Do you have regrets? Tell TheGloss your regrettable story in 600-800 words and you could win these designer shades to hide your shameful, shameful face.
One day, I was doing my sister’s hair when my stepmother came in and began screaming at the top of her lungs about how I didn’t vacuum the corners of the rooms the right way. She moved on to insulting me about how I “moped” around like someone “pissed in [my] Cheerios” (no, I don’t know why that was the comparison). This was about where my blood began to boil. For the past few weeks, I had been on Prozac for depression brought on by my stepmother and father’s horrible treatment of me. So when she shouted, “If it’s so bad here, there’s the door! You can just leave!” …I did.
Until I was nineteen, I lived with my father and stepmother and my three younger siblings, whom I loved (and still love) dearly. To keep a very long story short, my time there was rife with emotional and physical abuse at the hands of my father and stepmother. After far too long of putting up with it, I finally told my mother in New York what was going on, and so began the planning of my exit strategy from that toxic environment. The plan was not really for me to up and leave like that, but, looking back, it had to happen that way.
Packing my things was a blur. I remember being berated by my father and stepmother while I packed my car. I also remember them making me do the most horrible thing they could think of: telling my siblings why I was leaving. I had two choices: expose their parents for the assholes they were or keep calm and keep my siblings out of it. I kept it to, “I love you, but I just have to go.

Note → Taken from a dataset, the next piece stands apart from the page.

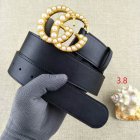 Gucci Original Quality Belts 129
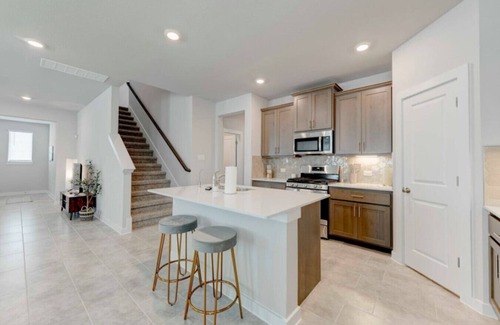 Hutto Casa | Hutto Executive Space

I can’t stay here anymore.” I do not regret not telling them that day that their parents treated me horribly. They were too young and couldn’t have understood anyway.
My mother and stepfather flew out to where I lived at great expense to themselves and sent my things back to New York. I got into my dream school, NYU, and as a delightful bonus, my father and stepmother had to shoulder half the costs, per the divorce agreement (after a long, tedious court battle).
This supposedly happy ending, though, is where my biggest regret starts. I had been calling my siblings for a few months after I left, despite being told off every time I called, including on Christmas. I loved my siblings too much to be kept from calling. I still love them too much. But one day, on one of my brothers’ birthdays, I called and my father childishly pretended he couldn’t hear me on the phone, then hung up. After that, for some reason, I couldn’t bring myself to call again. It was the last of many manipulations that were simply too much. It was also in the middle of the court battles to make them pay for the college they denied me, the therapy they sent me to, and so many other things. I was drained.
I’m still drained, but I regret so much losing touch with my siblings. Every birthday that passes makes my heart hurt. I haven’t heard their voices in almost 5 years. The only lucky part is that my stepmother’s brother and sister-in-law, who are wonderful people, found me on facebook and send me pictures and video of my siblings. I might be able to get in touch with my siblings sometime (hopefully soon) through my aunt and uncle.
But I know that I will never get those 5 years back. I will never get to redo it and know exactly what my sister was thinking before her first community theatre production (which she does a lot of apparently). I will never get to know how my brother felt before his first JV football game (he’s a pretty great player according to my aunt and uncle). I will never know how my eldest younger brother managed to get from playing Green Day’s “Longview” on his base by ear when he was 11 to playing an entire set of Green Day and other awesome bands at a local restaurant at the age of 16 (which I luckily got to see on a video sent by my aunt and uncle). I have missed so much I can never get back. I’m just hopeful that I will be there for more years than I was gone.